• _Work to complete_
Every line below must be reproduced exactly; no pictures are to be included.

Segment Start: Information provided

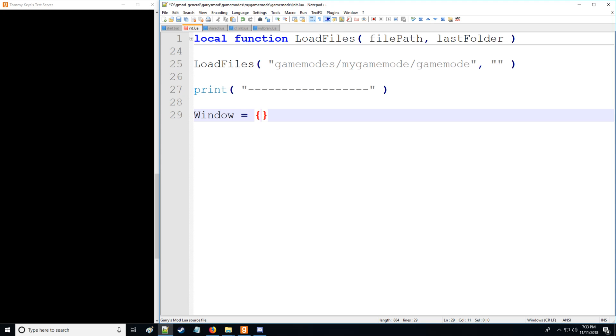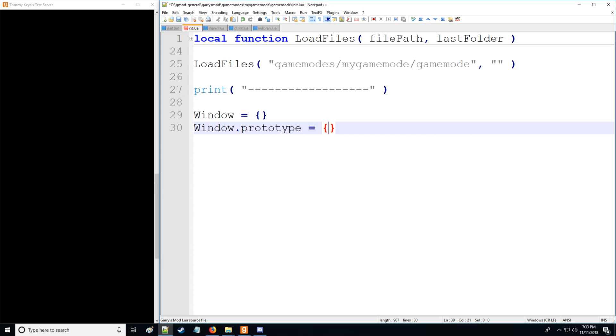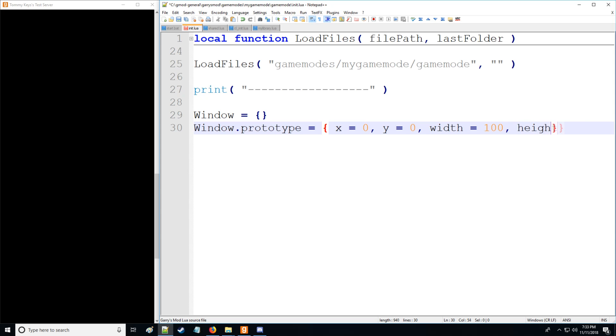So let's start by defining a window, which we're going to have as a table, and we're going to have a prototype window. So this is what we're going to be inheriting from. A table will have an x position, a y position, and this table window is going to have a default width as well as height.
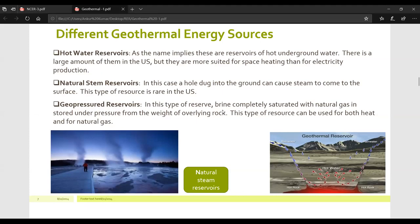The third source is geopressure reservoirs. In this type of reservoir, brine — a solution of water and salt — is completely saturated with natural gas and stored under pressure from the weight of overlying rocks. This type of resource can be used for both heat and for natural gas.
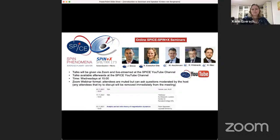Welcome everyone to the SPICE and Spin Plus X online seminar, organized by Harris, Innova, Martin, Ashleyman, Boca, Telebrands, Matthias Cloy, and myself. As usual, this is a webinar format, so you can ask questions at the end by either lifting your hand or by writing them into the chat.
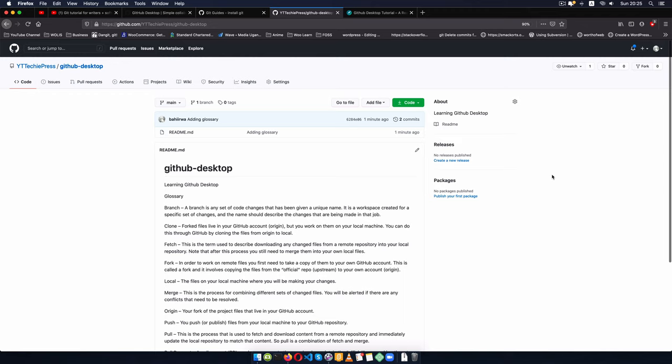Welcome back to the channel. In this video my goal is to make sure that git is really simple for someone who is non-technical, but at the end of the day someone who is doing coding or writing articles should be able to use git and platforms like GitHub or GitLab to use what we call version control systems.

Segment End: Information provided

• _Completed exercise_
So let's start by defining a window, which we're going to have as a table, and we're going to have a prototype window. So this is what we're going to be inheriting from. A table will have an x position, a y position, and this table window is going to have a default width as well as height.
The third source is geopressure reservoirs. In this type of reservoir, brine — a solution of water and salt — is completely saturated with natural gas and stored under pressure from the weight of overlying rocks. This type of resource can be used for both heat and for natural gas.
Welcome everyone to the SPICE and Spin Plus X online seminar, organized by Harris, Innova, Martin, Ashleyman, Boca, Telebrands, Matthias Cloy, and myself. As usual, this is a webinar format, so you can ask questions at the end by either lifting your hand or by writing them into the chat.
Welcome back to the channel. In this video my goal is to make sure that git is really simple for someone who is non-technical, but at the end of the day someone who is doing coding or writing articles should be able to use git and platforms like GitHub or GitLab to use what we call version control systems.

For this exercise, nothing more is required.